|Authors||H. Borgli, V. Thambawita, P. H. Smedsrud, S. Hicks, D. Jha, S. L. Eskeland, K. R. Randel, K. Pogorelov, M. Lux, D. T. D. Nguyen et al.|
|Title||HyperKvasir, a comprehensive multi-class image and video dataset for gastrointestinal endoscopy|
|Project(s)||Department of Holistic Systems|
|Publication Type||Journal Article|
|Year of Publication||2020|
|Keywords||dataset, GI, Machine learning|
Artificial intelligence is currently a hot topic in medicine. However, medical data is often sparse and hard to obtain due to legal restrictions and lack of medical personnel for the cumbersome and tedious process to manually label training data.

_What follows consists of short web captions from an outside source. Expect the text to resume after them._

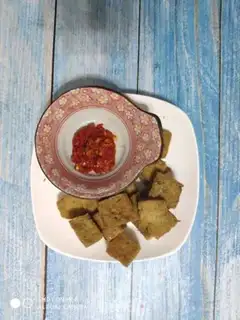 Make Fish tofu step 9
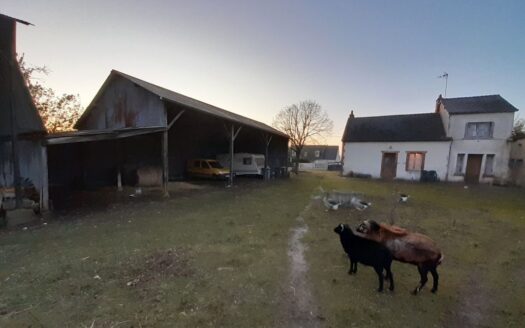 Ancien corps de ferme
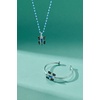 image:imageAlex and Ani Hot Wheels Necklaces  Car Necklace for Women 16  2 ExtenderShiny Silver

These constraints make it difficult to develop systems for automatic analysis, like detecting disease or other lesions. In this respect, this article presents HyperKvasir, the largest image and video dataset of the gastrointestinal tract available today. The data is collected during real gastro- and colonoscopy examinations at Bærum Hospital in Norway and partly labeled by experienced gastrointestinal endoscopists. The dataset contains 110,079 images and 374 videos, and represents anatomical landmarks as well as pathological and normal findings. The total number of images and video frames together is around 1 million. Initial experiments demonstrate the potential benefits of artificial intelligence-based computer-assisted diagnosis systems. The HyperKvasir dataset can play a valuable role in developing better algorithms and computer-assisted examination systems not only for gastro- and colonoscopy, but also for other fields in medicine.